Managing channel partners can be a frustrating process when the partners that you have spent time and resources recruiting are simply not performing as well as you had hoped. However, a little honesty on the part of the manufacturer may be a big part of the solution. After recruiting these partners did you really give them enough support to help them succeed for your solutions in the marketplace? One of the key tools in a manufacturer’s arsenal is the joint business plan. Engaging effectively in joint business planning with your channel partners could lead to reduced frustration on your part and greater success on theirs.

Often the onboarding stage post-partner recruitment involves some level of joint business planning. But the fact is that many channel sales managers have no formal training in joint business planning and their employer may not even provide channel sales training or joint business plan templates for them to use.

The joint business plan between vendor and partner is key to building a successful channel relationship. The plan can create targets and results for key performance indicators making it clear to all what they need to do in order to achieve success and simultaneously acting as a benchmark to determine success or failure.

Joint business planning aligns the business goals of manufacturer and channel partner and clarifies the reason for the partnership in the first place, ensuring that future plans are based on realistic expectations. Critically, it also enables both parties to consider the future allocation of resources to the joint effort, including marketing, sales, operational, financial and technical resources.

Some of the key elements for any joint plan must include:

  • The vision, mission and strategy of both the manufacturer and the channel partner.

  • Identifying key areas for alignment, and even noting those areas where both parties are not attempting to align. Remember the Michael Porter quote about strategy also being about what not to do.

  • Setting joint business objectives & Key Performance Indicators.

  • Establishing strategies and action plans.

  • Defining joint budgets to implement the strategies and tactics.

  • Establishing measurements to track joint performance.

The plan should include a review schedule and be constantly updated and refined to ensure relevance and timeliness, with each side agreeing whether monthly or quarterly reviews are most appropriate.

Certain key areas must be addressed with the plan. Including but not limited to:

  1. Partner-specific data which provides an overall picture of the partner, their key market and technology focus areas, strengths, weaknesses and company size.

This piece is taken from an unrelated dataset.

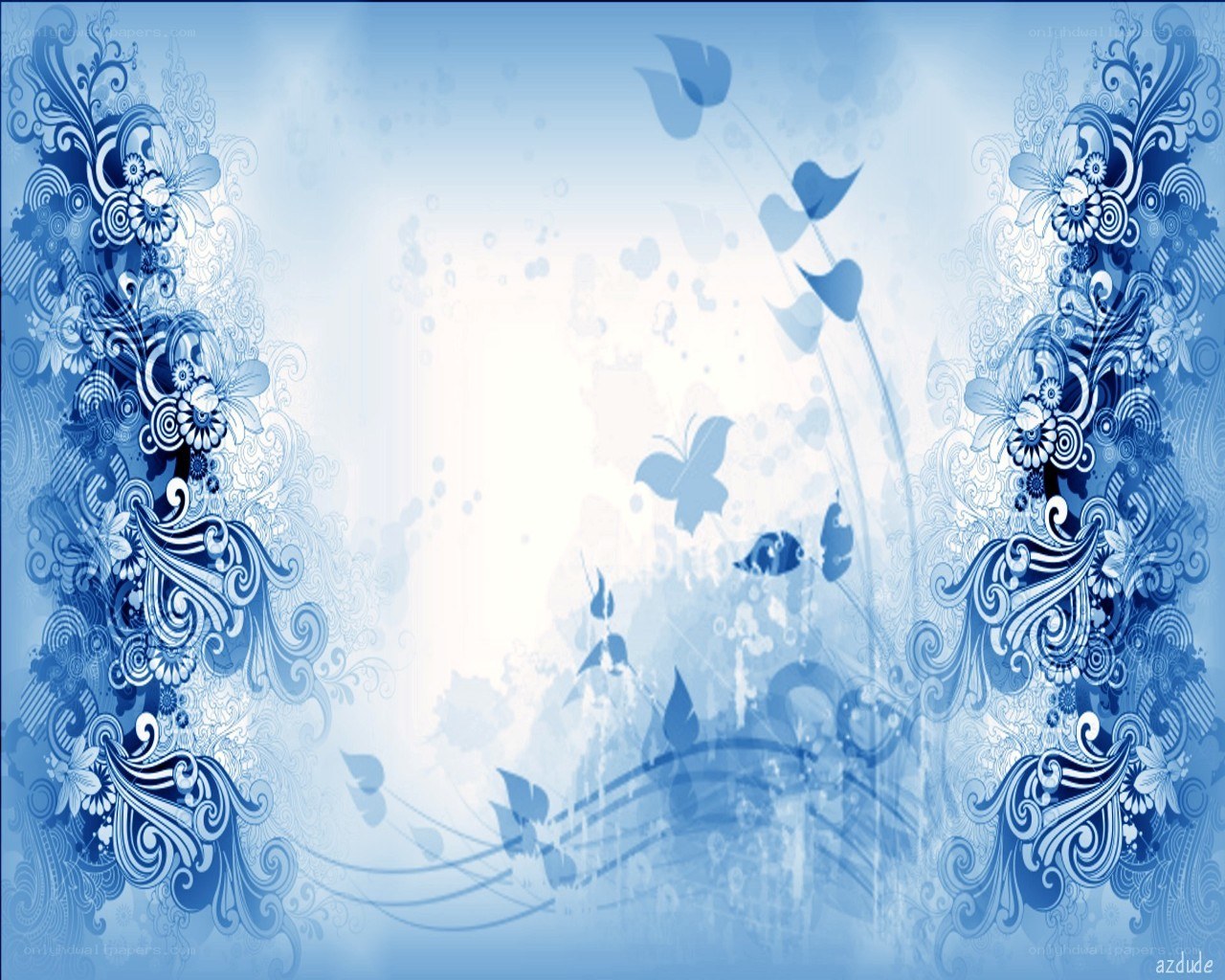 blue floral abstract background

  2. A joint marketing plan created and agreed by both sides.

  3. A joint sales plan agreed by both manufacturer and partner.

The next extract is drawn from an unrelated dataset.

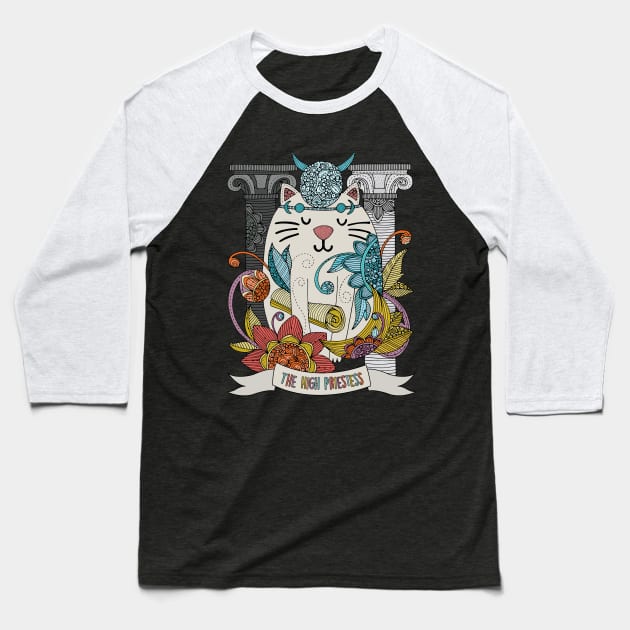 The Cat High Priestess Baseball T-Shirt by Valentina Harper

  4. A schedule for how and when the plan will be reviewed.

Within these areas, the following topics also should be addressed:

  • S.W.O.T analysis for both parties

  • Identify overlaps, synergies & gaps

  • Partner core competencies & differentiators.

  • Joint value proposition.

  • Target audiences.

  • Performance milestones.

  • Specific, measurable outcomes.

  • Specify successful completion criteria.

  • Future investments based on achieving these.

Accountability is a critical part of joint business planning. Both parties must be held accountable for delivering the results and an escalation process needs to be in place for scenarios where actions are not being completed in a timely manner or if results are not being achieved. Once all of these elements are in place the channel partner should be well-positioned for success, and if they are not delivering, then there will be mechanisms in place to track and alert all parties as to why this may be happening.

Joint business planning is the very foundation on which a channel partner relationship is built. Taking the time to build, monitor and manage a joint business plan with your channel partners is a very effective way to reduce frustration and help channel partners to perform to their potential.